Nick Price called Funk's reasoning "pretty sad," which was slightly nicer than Price's assessment of Sunday's John Deere champion Mark Hensby declining a last-minute invite to his first major as the "bonehead move of the year."

Funk is the only American on the Ryder Cup bubble to skip the British Open to seek more promising points elsewhere. Every player ranked 11th through 19th in the Ryder Cup standings showed up in Troon, including Haas at 12th.

Jeff Maggert, ranked 10th in the Ryder Cup standings, failed to qualify for the British Open despite finishing third in the U.S. Open and fifth in the 2003 Masters Tournament. Maggert withdrew halfway through qualifying at Congressional Country Club when it was clear he wouldn't make it.

At least he showed up. After the Royal & Ancient Golf Club went out of its way to accommodate PGA Tour players with its first stateside qualifying venue that happened to be across the street from a PGA Tour site, 53 players withdrew or simply failed to show up.

And we wonder why the rest of the world considers us ugly Americans.

Now let's look at Haas - another former B.C. Open winner (1981) with three top-five finishes there in his past six appearances versus no top-20 finishes ever in the British Open. The AARP-eligible golfer considered skipping the British Open as well, but only after he was standing in Chicago's O'Hare Airport on Sunday waiting for his overseas flight without a passport in his pocket.

"I felt like someone had kicked me in the stomach," Haas wrote in his diary for PGATour.com.

Instead of taking the easy route out and withdrawing, Haas got moving. He caught a late flight home to Greenville, slept for two hours, hired a private plane to Washington, D.C., and just made a red-eye to London to connect to Glasgow, Scotland, where he arrived at Troon after midnight Tuesday.

"I wouldn't recommend doing what I just did," Haas said.

There was a time when Americans playing the British Open were more oddities than the norm. In their primes, Sam Snead and Ben Hogan went over there only once and came home winners. Snead didn't go back for 16 years after winning in 1946 at St. Andrews because the winnings didn't cover his expenses.

That's no excuse any more. This year's $7.4 million purse and $1.34 million winner's share (based on Wednesday's currency exchange rate) makes the British the second largest payout in golf history. Simply making the cut would cover these millionaires' travel expenses and then some.

Once Arnold Palmer and Jack Nicklaus made competing in the British Open a priority in the 1960s, Americans finally latched onto the idea that playing in the oldest tournament in golf wasn't just a novelty.

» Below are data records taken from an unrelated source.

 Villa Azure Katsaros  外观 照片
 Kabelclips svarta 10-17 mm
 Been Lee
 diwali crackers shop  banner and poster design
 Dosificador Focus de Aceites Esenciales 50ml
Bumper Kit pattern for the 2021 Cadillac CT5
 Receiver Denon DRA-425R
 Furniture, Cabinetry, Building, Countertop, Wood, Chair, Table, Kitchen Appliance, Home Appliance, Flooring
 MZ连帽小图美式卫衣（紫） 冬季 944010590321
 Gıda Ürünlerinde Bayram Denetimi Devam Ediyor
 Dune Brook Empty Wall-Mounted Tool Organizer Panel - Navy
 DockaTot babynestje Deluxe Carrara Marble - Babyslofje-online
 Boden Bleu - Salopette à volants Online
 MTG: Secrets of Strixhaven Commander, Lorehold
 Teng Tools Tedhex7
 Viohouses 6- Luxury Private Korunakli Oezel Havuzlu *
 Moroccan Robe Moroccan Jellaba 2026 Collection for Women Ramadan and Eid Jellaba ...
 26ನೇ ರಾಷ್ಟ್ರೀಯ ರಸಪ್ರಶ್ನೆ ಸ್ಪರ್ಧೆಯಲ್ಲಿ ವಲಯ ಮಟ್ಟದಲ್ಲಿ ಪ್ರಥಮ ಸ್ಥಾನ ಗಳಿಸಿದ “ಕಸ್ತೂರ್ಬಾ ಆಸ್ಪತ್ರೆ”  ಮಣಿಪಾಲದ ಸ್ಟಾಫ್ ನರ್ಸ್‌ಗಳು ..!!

It was a privilege and should be indulged as such.

Too many Americans consider making one trip to Great Britain a hassle - citing bad weather, quirky courses and high costs as excuses.

You don't see NASCAR guys skipping Sears Point because it's too far across the country and they don't like road courses.

What Funk and Scott Hoch and Kirk Triplett (all of them in the running for Ryder Cup inclusion) did by saying no to the British Open makes them no better than clay-court pansies Gustavo Kuerten and Alex Corretja, who routinely skip Wimbledon with bogus injuries.

They don't display the basic tenet of golf - playing the ball and course as you find it. They don't display the heart of champions. They don't warrant Ryder Cup consideration.